TIFF 2019: Military Wives (Peter Cattaneo, 2019, UK)

     Military Wives is a formulaic feel good dramedy from Peter Cattaneo, the director of The Full Monty. If you’ve seen The Full Monty, then you know what you’re getting into. A ragtag group rallying together for a good cause.  Admittedly I’m not the core audience for this film, so I tried to judge it objectively. Even so, the film is so unexceptional that it is hard to muster enough to write about in a review. If a film delivers on a well-tested formula, is it a success? Military Wives is bound to lead some audience members to cheers and laughs, and others to rolling their eyes.
     While Kristin Scott Thomas and Sharon Hogan have a good level of onscreen tension throughout the film, the rest of the players in the choir feel two-dimensional and poorly drawn. One of them has a poor singing voice but finds her place within the choir later on. Another shy member of the choir we learn has an amazing voice, to great surprise. Each player in the ensemble is a type rather than a three-dimensional character.
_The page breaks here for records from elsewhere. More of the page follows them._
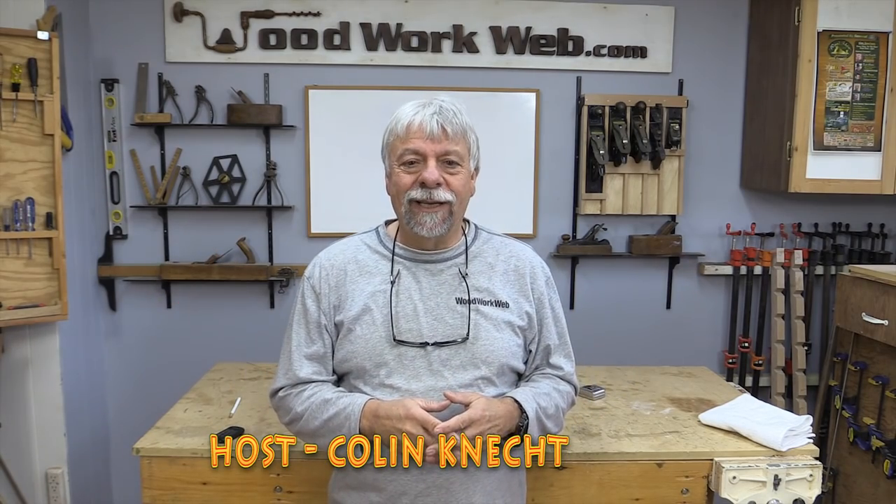Well, today we're finally going to build something I've wanted to build for a long time and I have a little bit of time, so that's what we're going to do today. Hello everyone, Colin Kinnett here for Woodwork Web. I've always wanted to build what's called an album table.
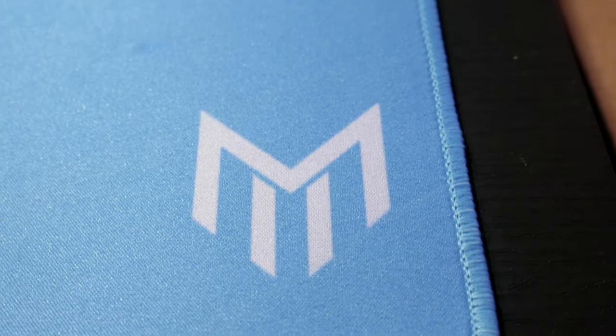The mousepad moves really well — the mouse glides great over it. The Matrix logo is also on the Windows key, which I love. The Matrix mousepad logo itself looks perfect — it's white and really pops. It's not printed on top; it's actually embedded inside the mousepad, so you don't have to worry about it peeling off like the Glorious logo did on my old pad after a while. It's stitched inside and it looks great. Good job, Matrix — they did really well on both the keycaps and the mousepad.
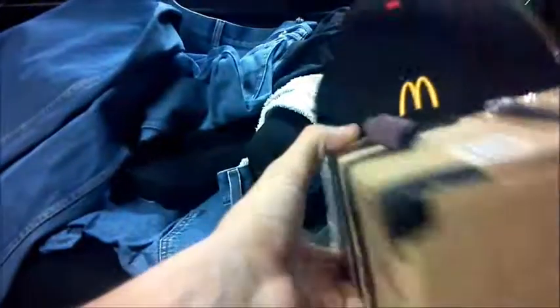Hey guys, it's me. Today I'm going to show you guys how to make the virtual reality helmet I did a few videos back. First off, you're going to need a cardboard box about this height and width, something that will fit your phone and your face.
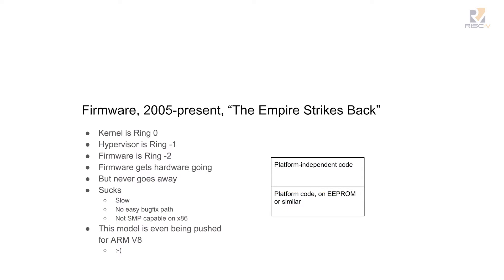Around 2005, things kind of went in the wrong direction from my point of view. Our kernel's in ring zero, so we were stuck for ring numbering, and we said the hypervisor is ring minus one. Unfortunately, the firmware doesn't go away anymore on those platforms — it's still there when you press a button to turn the thing off. It's kind of always with you.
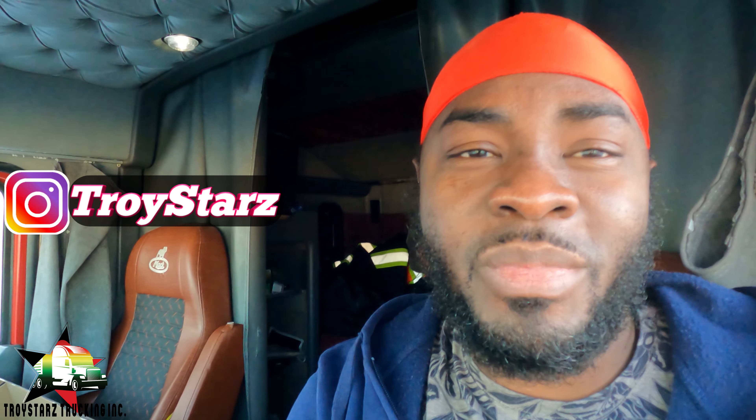Thanks for tuning in guys, this is Troy Stars Trucking. If you're new here, consider subscribing. To all my long-time subscribers who've been here from the beginning, thank you so much for still being here. Also, I'm going to start doing some live sessions soon - a call-in live where we can have phone conversations. I'll release a number so you can reach me on WhatsApp during the live session and we can all have a good conversation.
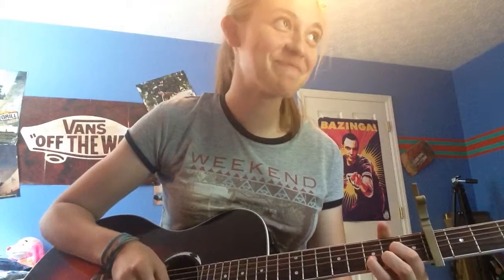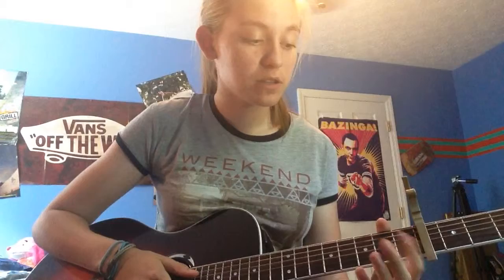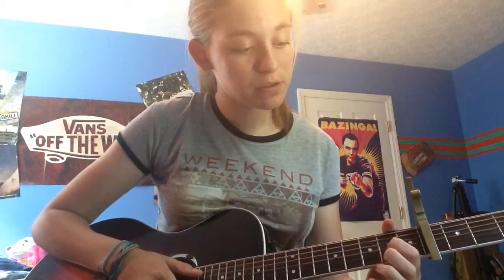Next is a D. I play the D weird — this is how you usually play it. I play it barred; that's how I learned it from my dad. I'll teach you how you should play it, not how I play it. Your pointer finger on the 3rd string, 2nd fret. Middle finger on the 1st string, 2nd fret. And your ring finger is on the 2nd string, 3rd fret. That's not how I play it, but you shouldn't learn how I play it since there are other notes that go into it.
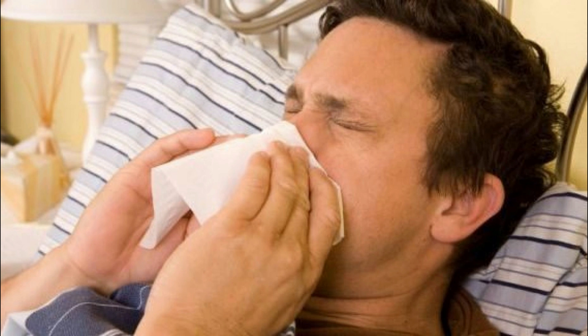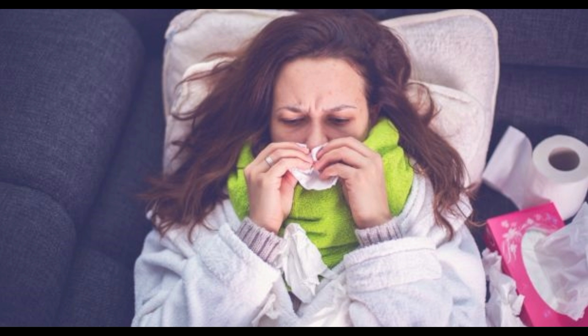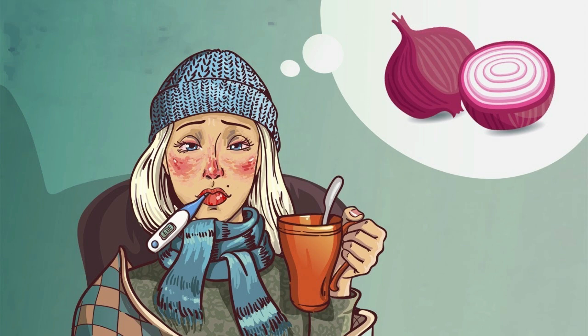First, boil the water, cut the onion into small pieces and boil them together for 15 minutes. Remove the pot from the heat and let it sit for 10 minutes. Strain the mixture and add the honey. Mix well and add the lemon juice before consuming. Drink this powerful remedy three times per day and you will be astonished by the results.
     While the film does touch on real issues – the loss of loved ones in combat – it does so in a way that rather glosses over the emotional impact. When one of the choir members loses her husband, the grieving period is short and breezed over within the script. We see her continue with the choir, rather than dealing with the fallout over the loss in a realistic way.
     The film is most enjoyable during the performances of the choir. In particular, the performance of the song “Only You” by Yazoo is fun. Watching the members of the chorus grapple with and ultimately coalesce in a strong performance is a nice, if rather unbelievable moment, in Military Wives.
     The film moves along at a decent pace, although the tensions between Thomas’s and Horgan’s characters grow tiresome after awhile. There is only so much tension that can be mined from the choir dynamics. While Cattaneo does a bit to add to the tension by making us aware that the women’s husbands lives are at risk, too many scenes throughout the film feel like déjà vu.